(SUPPLIED MATERIAL begins)

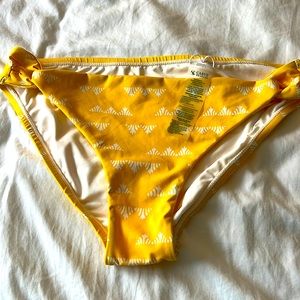 Carve Designs Laguna Bikini Bottoms size Medium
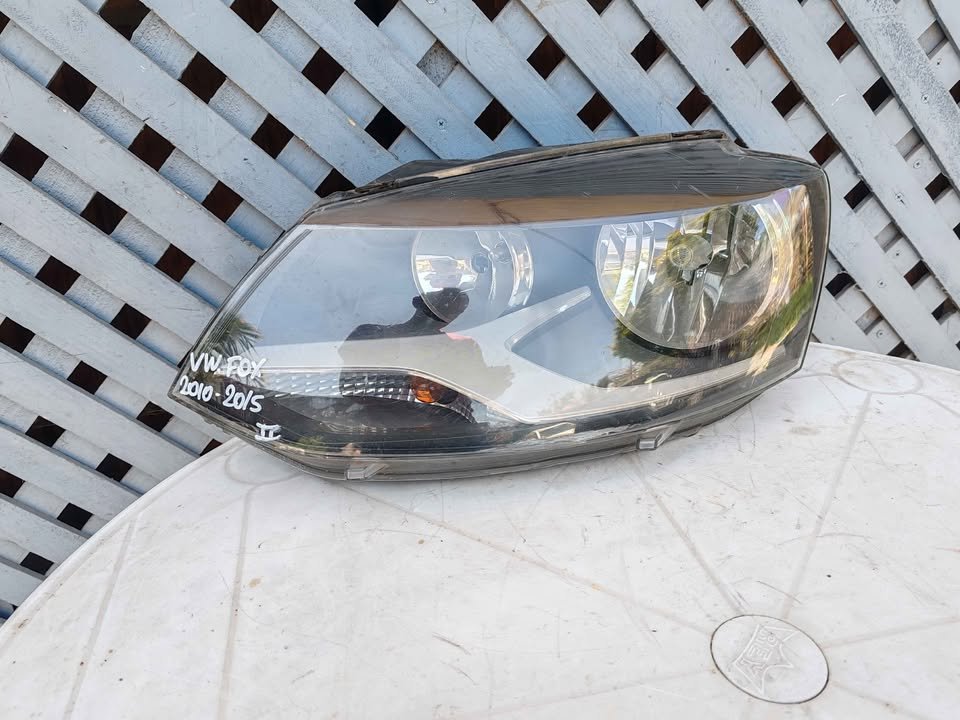 Óptico izquierdo Volkswagen Fox 2010 - 2015 (II)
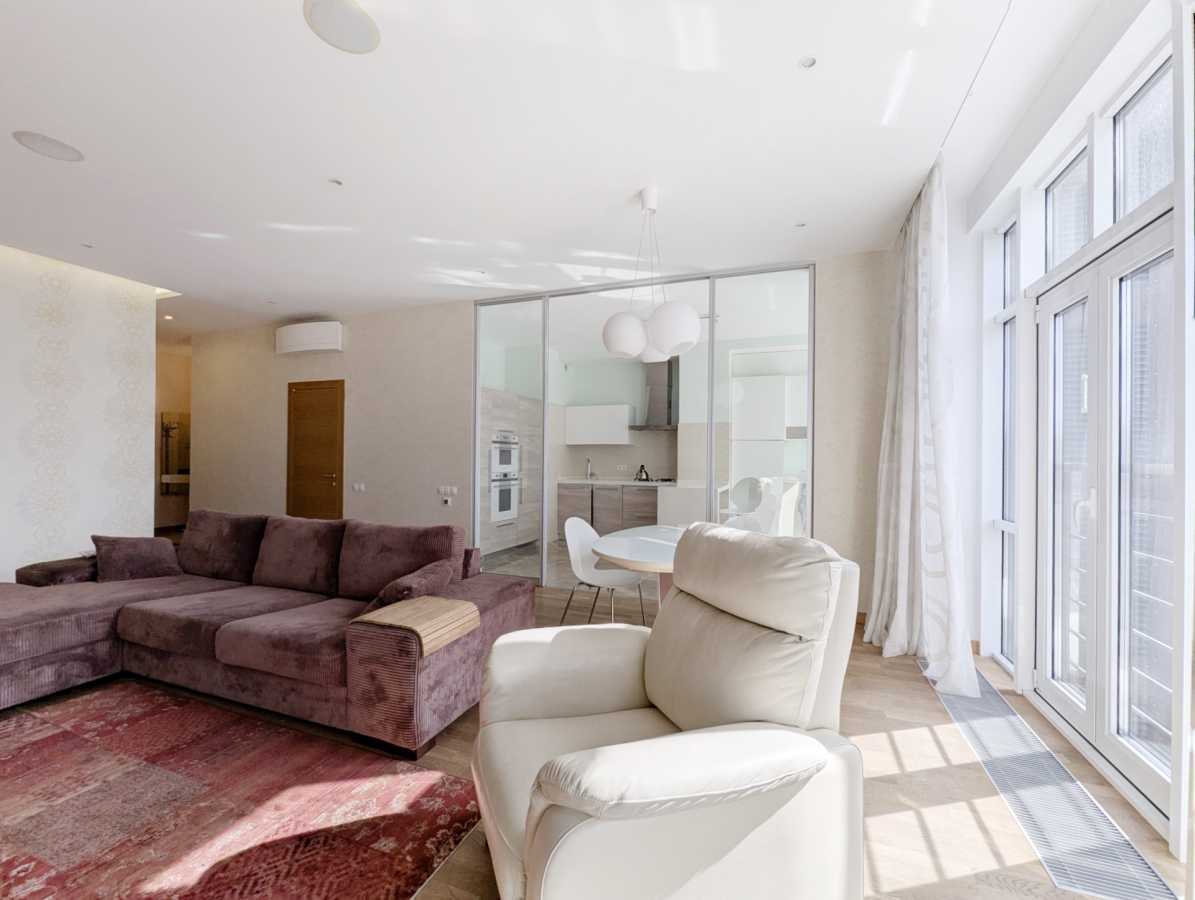 Аренда 5-комнатной квартиры 180 м², Зверинецкая ул., 47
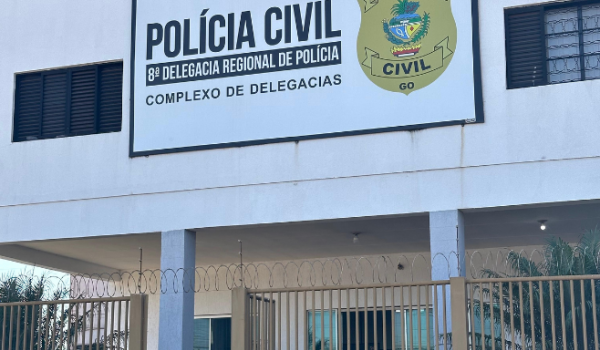 Picape com sistema de som avaliado em R$ 70 mil é rebocada por perturbar sossego, em Rio Verde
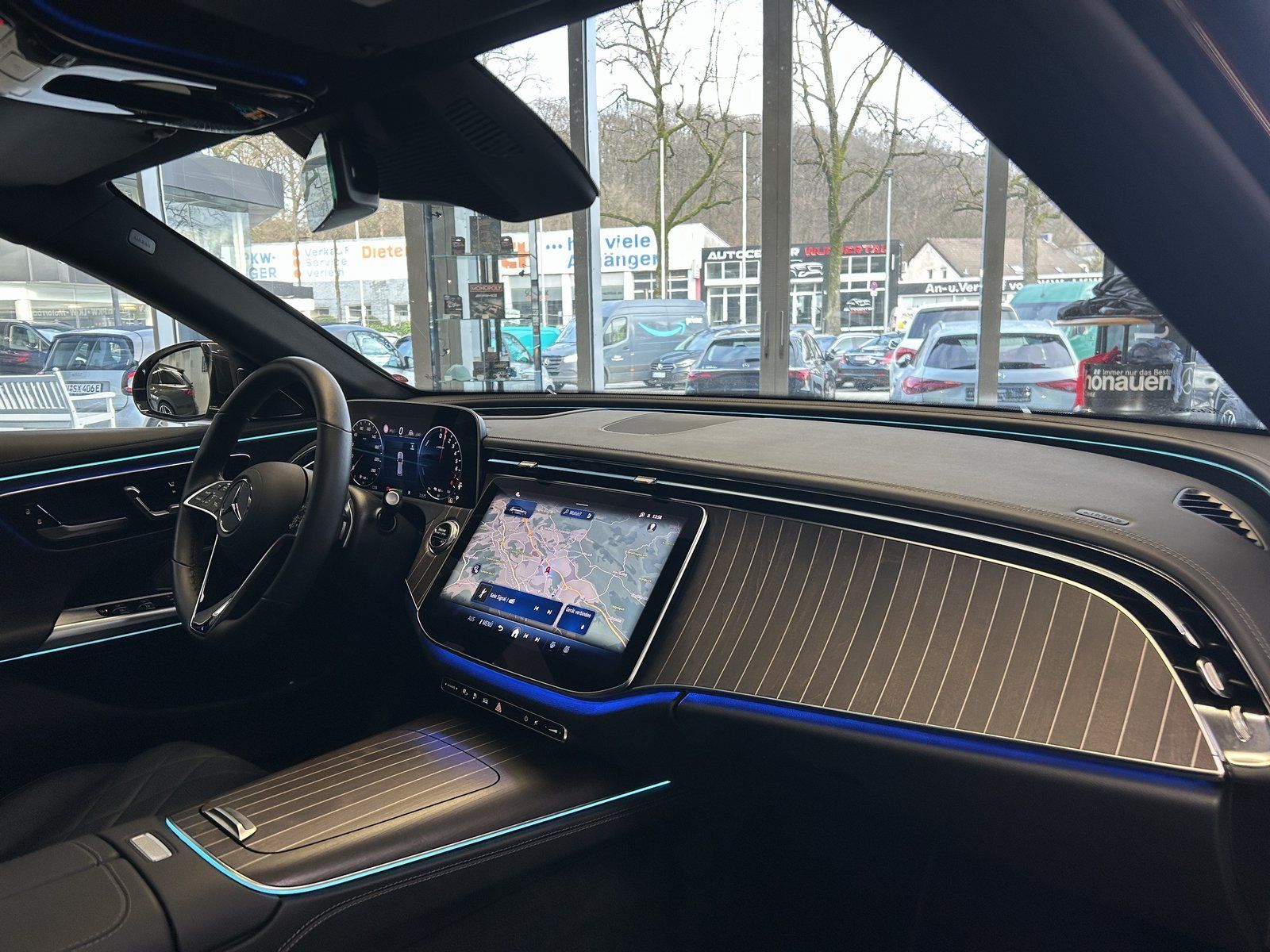 Fahrzeugabbildung Mercedes-Benz E 300e T AMG PANO+DISTR.+HUD+MEMORY+DIGITAL+AHK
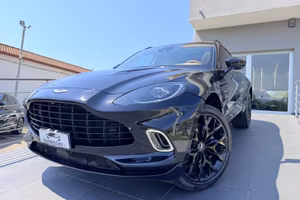 Aston Martin DBX in garanzia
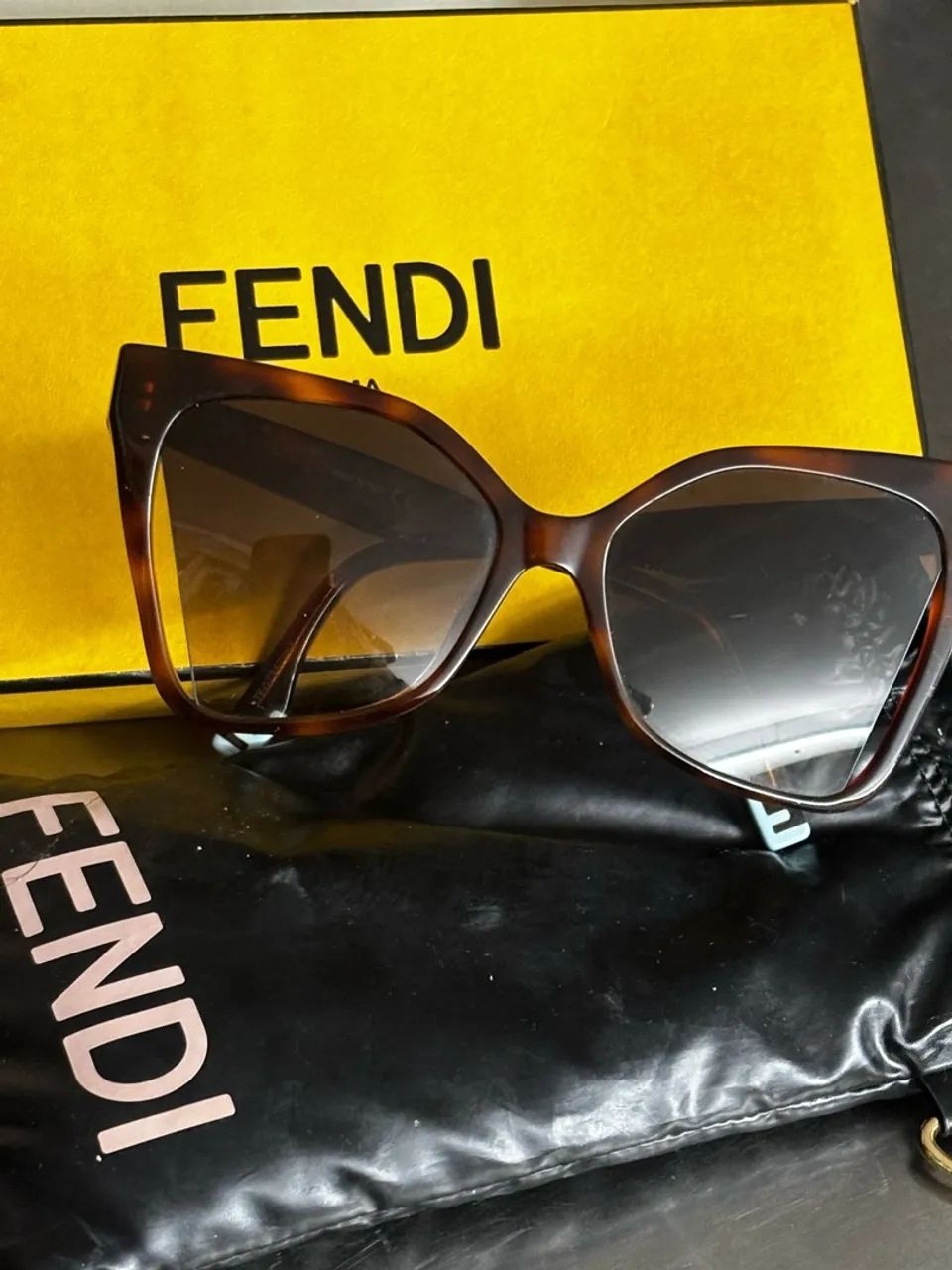 Óculos de sol Fendi usado pouquíssimas vezes 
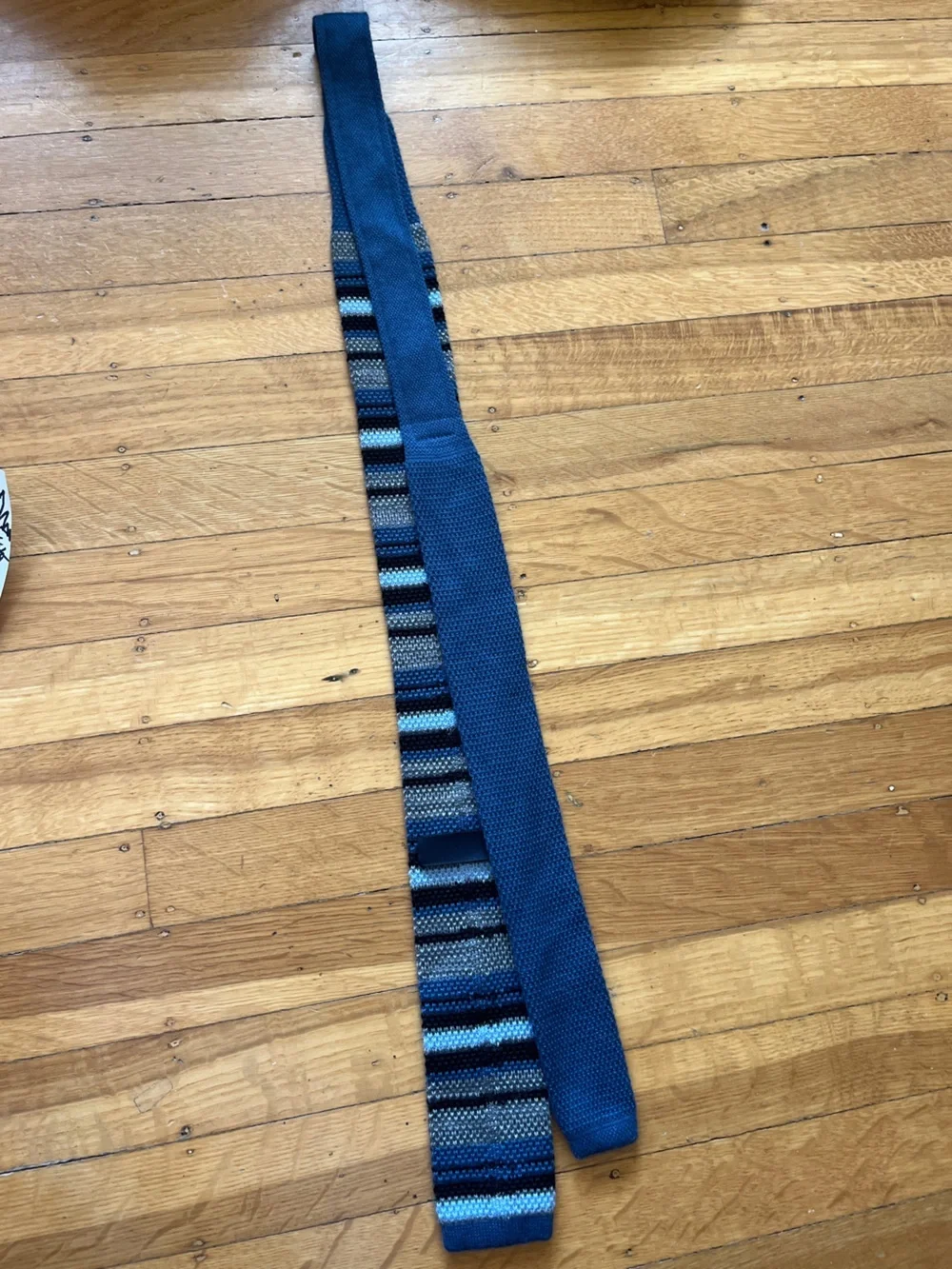 Uniqlo knit striped tie cravat blue black grey skinny square punk preppy vintage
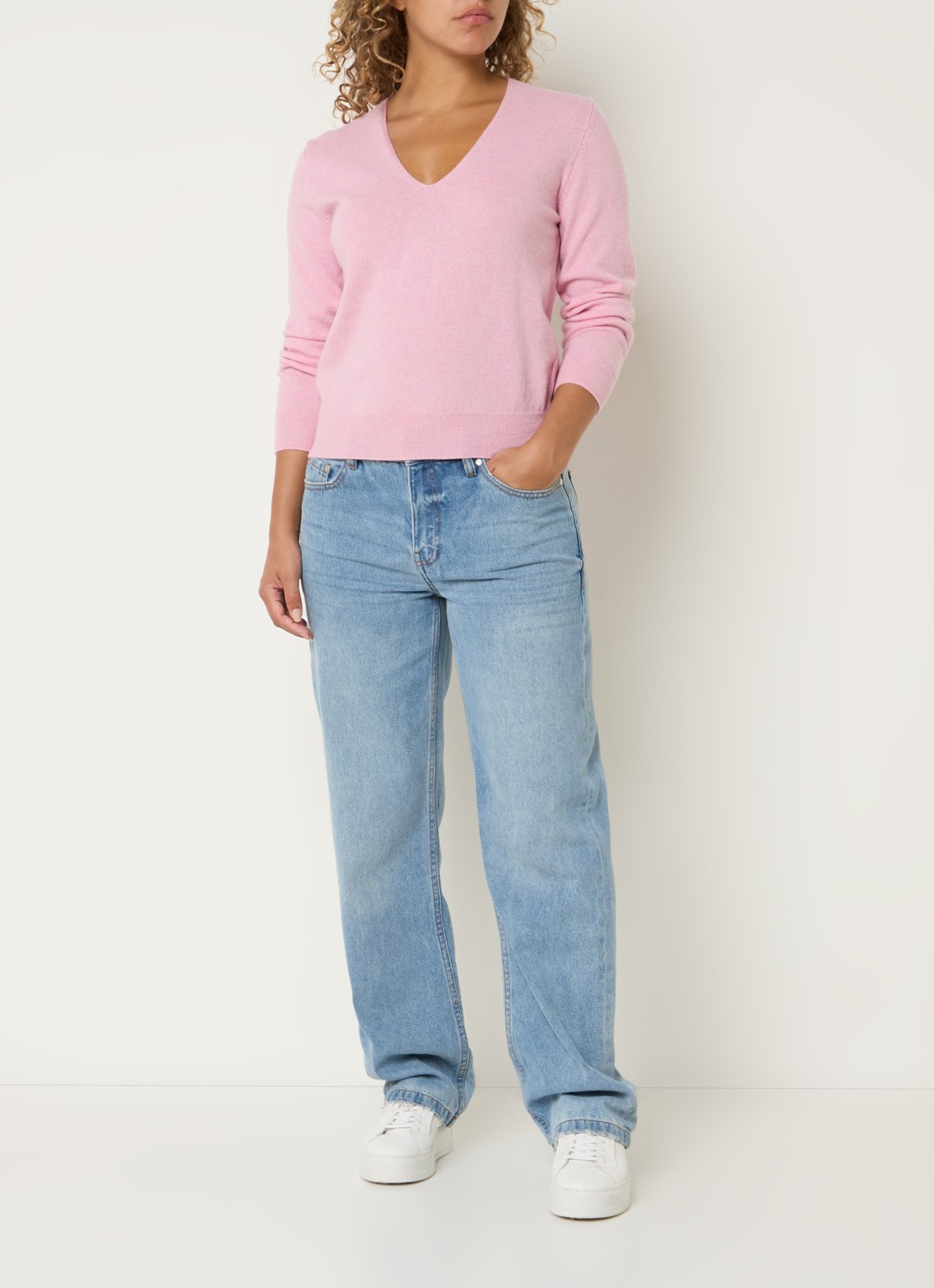 Benetton Fijngebreide pullover van scheerwol met V-hals - voorkant 4 lichtroze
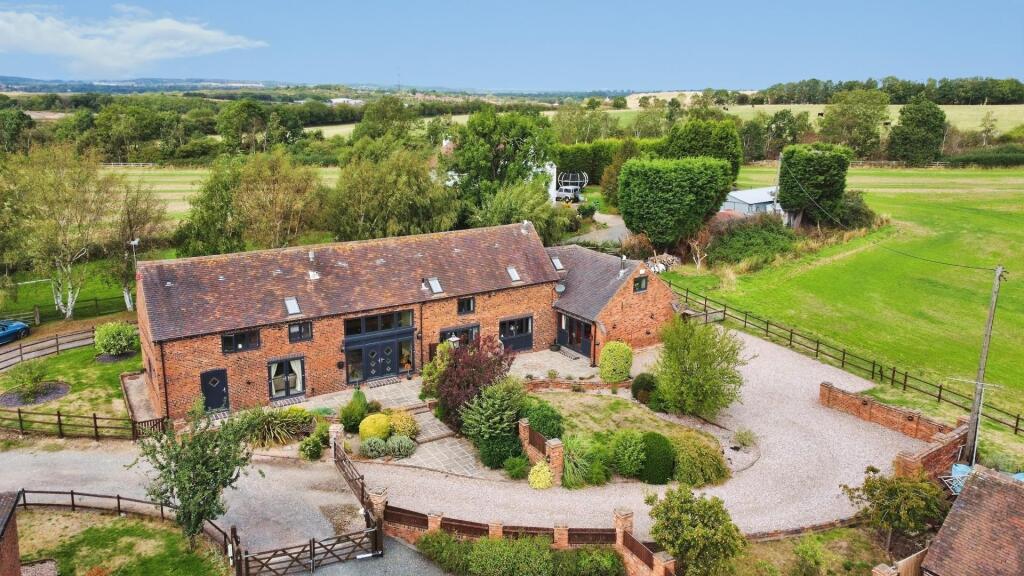 Meadow Barn , Tamworth, B78 2EW photo 3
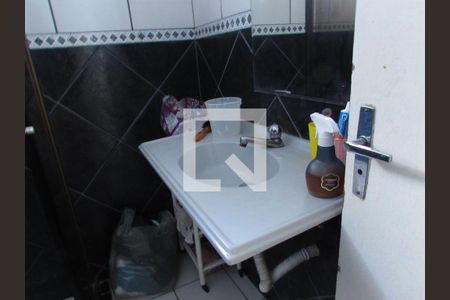 Casa à venda com 130m², 4 quartos e 2 vagasBanheiro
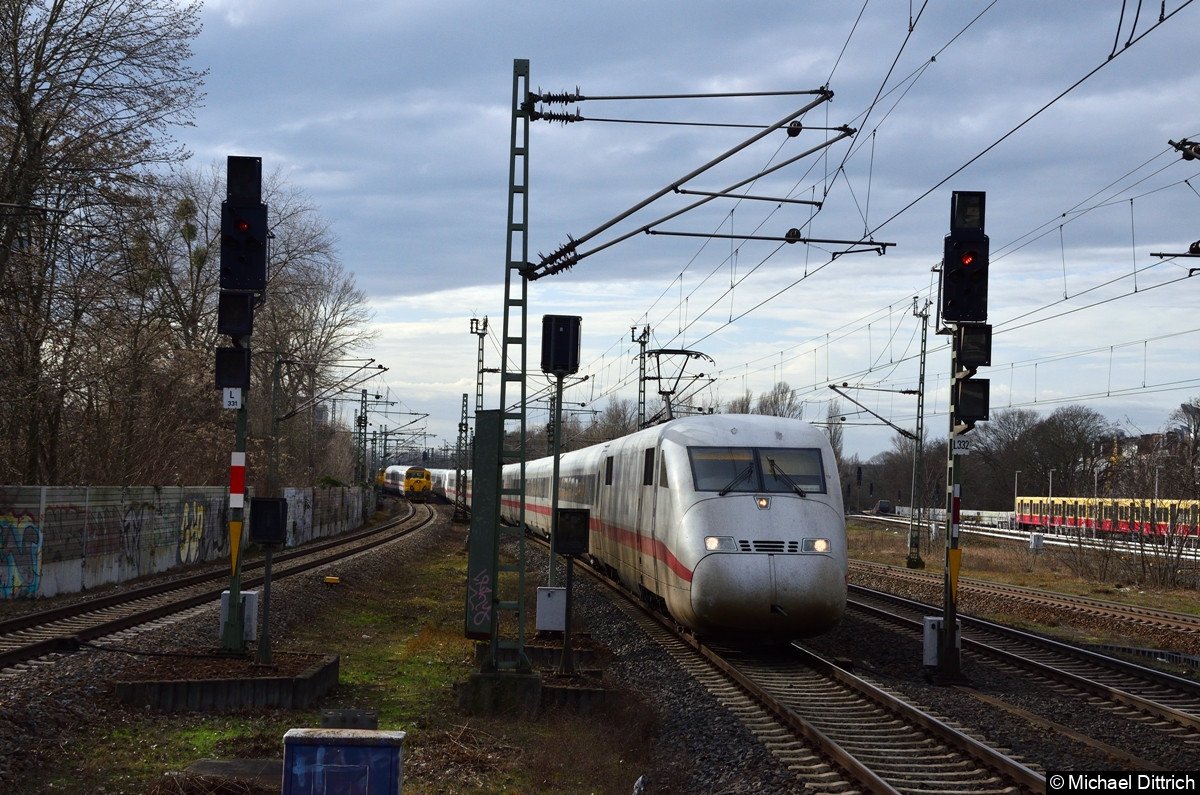 Bild: Eine Doppeltraktion ICE 2 auf dem Weg nach Berlin Ostbahnhof.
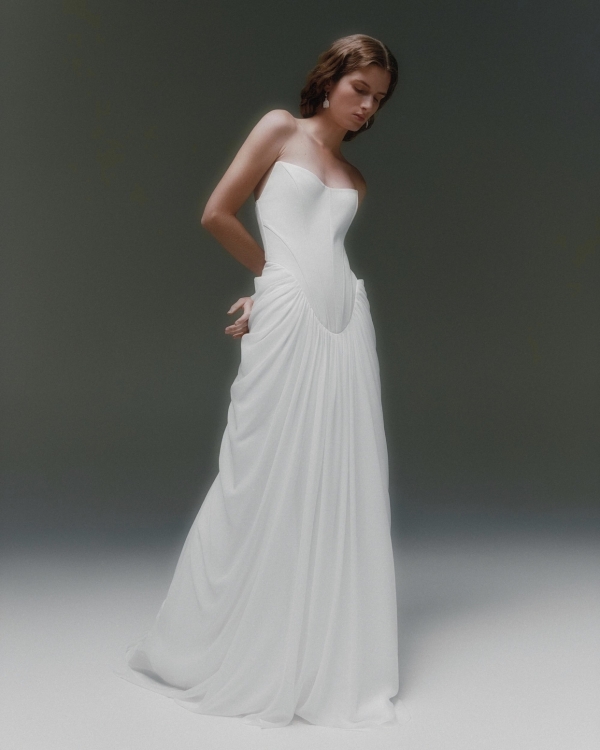 Beautiful and Trendy Wedding Dresses with Draped Details | Draped Bridal Inspiration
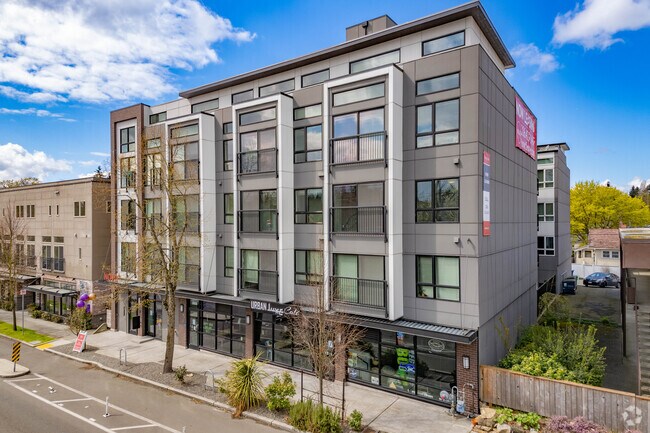 Building Photo - NOVO Seattle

(SUPPLIED MATERIAL ends)

» WORK INSTRUCTIONS: Starting at the line above that holds "Picape com sistema", return each line up to and including the one that holds "Bild: Eine Doppeltraktion", exactly as written, minus any pictures.

» ANSWER FOR THIS EXERCISE:
 Picape com sistema de som avaliado em R$ 70 mil é rebocada por perturbar sossego, em Rio Verde
 Fahrzeugabbildung Mercedes-Benz E 300e T AMG PANO+DISTR.+HUD+MEMORY+DIGITAL+AHK
 Aston Martin DBX in garanzia
 Óculos de sol Fendi usado pouquíssimas vezes 
 Uniqlo knit striped tie cravat blue black grey skinny square punk preppy vintage
 Benetton Fijngebreide pullover van scheerwol met V-hals - voorkant 4 lichtroze
 Meadow Barn , Tamworth, B78 2EW photo 3
 Casa à venda com 130m², 4 quartos e 2 vagasBanheiro
 Bild: Eine Doppeltraktion ICE 2 auf dem Weg nach Berlin Ostbahnhof.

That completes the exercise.